FormalPara Interdisciplinary formation phase

Early interdisciplinary approaches in the context of CE were a report by the British Royal Society (Shepherd and Working Group on Geoengineering the Climate 2009) and the Oxford Principles (Rayner et al. 2013). At the time, the German scientific community was mostly skeptical of the idea of CE. A publicly funded roundtable in 2008 gave room to discuss concerns about and possibilities for CE research (Oschlies and Klepper 2017). As a follow-up, a “series of interdisciplinary round table discussions gained momentum over subsequent meetings” (Oschlies and Klepper 2017, 129). Many of the participating researchers were involved in writing a scoping study (Rickels et al. 2011) commissioned by the German Federal Ministry of Research (BMBF). This study provided a timely and comprehensive review of scientific, economic, political, social, ethical, and legal aspects of CE. During this formation phase, it became clear that intensive interdisciplinary research was needed to determine risks, challenges, and opportunities of CE:

When in 2012 the German Research Foundation (DFG) debated if a large-scale program on risks and challenges of CE should be funded, the interdisciplinary character of the program proposal was key to the final decision. As agreed upon, interdisciplinarity was required to address complex problems associated with CE, and that current international CE research lacked this integration of various disciplines under a common framework (NKGCF; SKO; SKZAG 2012, 7). SPP 1689 “Climate Engineering – Risks, Challenges Opportunities?” came into being as a decidedly interdisciplinary research endeavor aiming to comprehensively assess CE approaches (Oschlies and Klepper 2017). The program was to be made up of several projects. To be part of the program, project proposals had to make their interdisciplinary research agenda explicit. Thus, each project had an interdisciplinary core, a central question which could not be answered from one disciplinary perspective alone.

This phase, in which the principal investigators worked together to define these projects, laid the groundwork for the egalitarian structures and practices of SPP 1689. The cautious steering by the SPP 1689 coordination and the mutually respectful treatment of all disciplinary accounts helped to integrate various disciplines. However, during the 6 years of the project, continuous efforts had to be put forward by the project coordination to make it a successful interdisciplinary research endeavor.
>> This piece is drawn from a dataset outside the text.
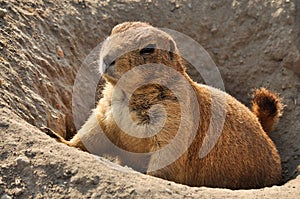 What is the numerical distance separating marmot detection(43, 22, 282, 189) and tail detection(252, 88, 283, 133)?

FormalPara Initial return to disciplines

With the start of each of the projects under the program, additional researchers were introduced, many of which were at early career stages. This initiated a reorientation phase in which researchers within the subprojects started to assess problems through their respective disciplinary perspectives. They consulted their discipline’s tools, such as specific methods for data generation and analysis and theoretical approaches to assess the subject matter. This step of returning to the disciplines is important for robust interdisciplinary research because it allows individual researchers to reflect on how they can contribute to the project. This preparatory work takes time and energy in itself. It is also at this stage that many assumptions with a disciplinary focus are being made. Since disciplinary research cannot investigate the whole spectrum of questions related to societal challenges, it is necessary to base the research on an array of assumptions about factors and variables lying outside of the individual researcher’s scope:

For example, to assess environmental impacts and the effectiveness of CE measures in a computer model, we need to make assumptions about when and how society as a collective, rational, global actor would implement this measure. In an idealized study early in the SPP 1689, Keller et al. (2014) made the assumption that CE began at very high levels simultaneously all over the world in the year 2020 and that CO2 emissions at the same time remained high. While the authors knew that these assumptions were unrealistic, the study was nonetheless useful to investigate maximum CE potentials and impacts and started debates. It was only after presenting the results and discussing them with other members of SPP 1689 that the main author (D. Keller) was able to critically reflect on the details of these particular assumptions. These interdisciplinary exchanges helped to highlight that the study did not take into account internal heterogeneity of local, national, and global societies, and that if those were taken into account, the implementation of the CE measures in the study would be different.

FormalPara Integration of interdisciplinarity on all levels

The return to the known, disciplinary fields is important to set a rigorous groundwork for well-informed interdisciplinary exchange. However, efforts are required to ensure that this does not supersede interdisciplinary work and also to reintegrate the newly introduced researchers into the interdisciplinary research project. These efforts need to be put into the training of the researchers involved and the continual communication between the disciplines.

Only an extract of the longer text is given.